Tragedią mogła się zakończyć wtorkowa górska wyprawa pewnej rodziny. Dzieci były ubrane w getry, sukienki i niskie buty. Rodzice nie mieli latarek, ani aplikacji, która pomaga ratownikom zlokalizować turystów. Nieszczęściu udało się zapobiec dzięki interwencji GOPR.
We wtorek po południu ratownicy Wałbrzysko-Kłodzkiej Grupy GOPR otrzymali zgłoszenie od czeskiego pogotowia górskiego o czterech osobach które zabłądziły i utknęły prawdopodobnie w rejonie granicznego szlaku powyżej Międzygórza rejon Przełęczy Puchacza.
Poszukiwania rodziny utrudniał fakt, że rodzice nie posiadali aplikacji, która ułatwia ratownikom zlokalizowanie turystów. W końcu odnaleziono grupę w rejonie Małego Śnieżnika.
W górach zabłądziła czteroosobowa rodzina: rodzice nie posiadali nawet latarek, a dzieci (12 i 6 lat) były nieodpowiednio ubrane - miały założone niskie buty i getry. Wszyscy znajdowali się już w pierwszym stopniu hipotermii.
Ratownicy ewakuowali grupę do schroniska Hala Pod Śnieżnikiem.

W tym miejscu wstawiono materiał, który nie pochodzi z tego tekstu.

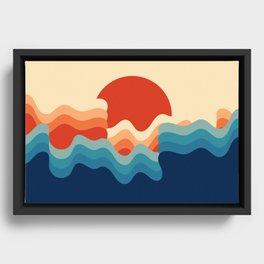 Retro 70s and 80s Color Palette Abstract Mid-Century Minimalist Nature Art Sun and Soft Waves Framed Canvas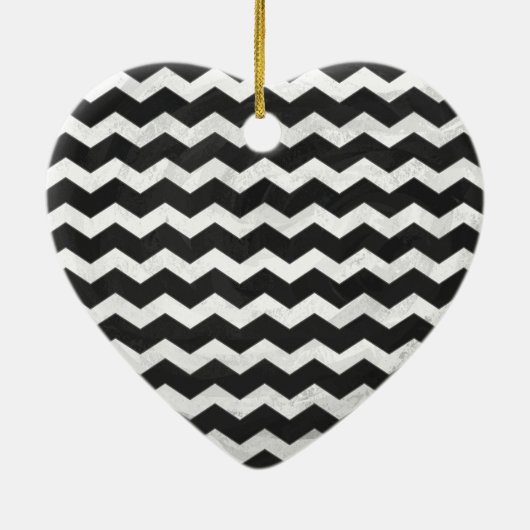 Kohl Black Chevron Pattern Keramisch Ornament (Achterkant)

Ratownicy przypominają, że warunki w górach są trudne. Starali się dotrzeć do poszkodowanych skuterem śnieżnym oraz quadem na gąsienicach, ale końcówkę trasy musieli pokonać na nartach skiturowych. Jak podają, wyprawa trwała pięć godzin i brało w niej udział czterech ratowników.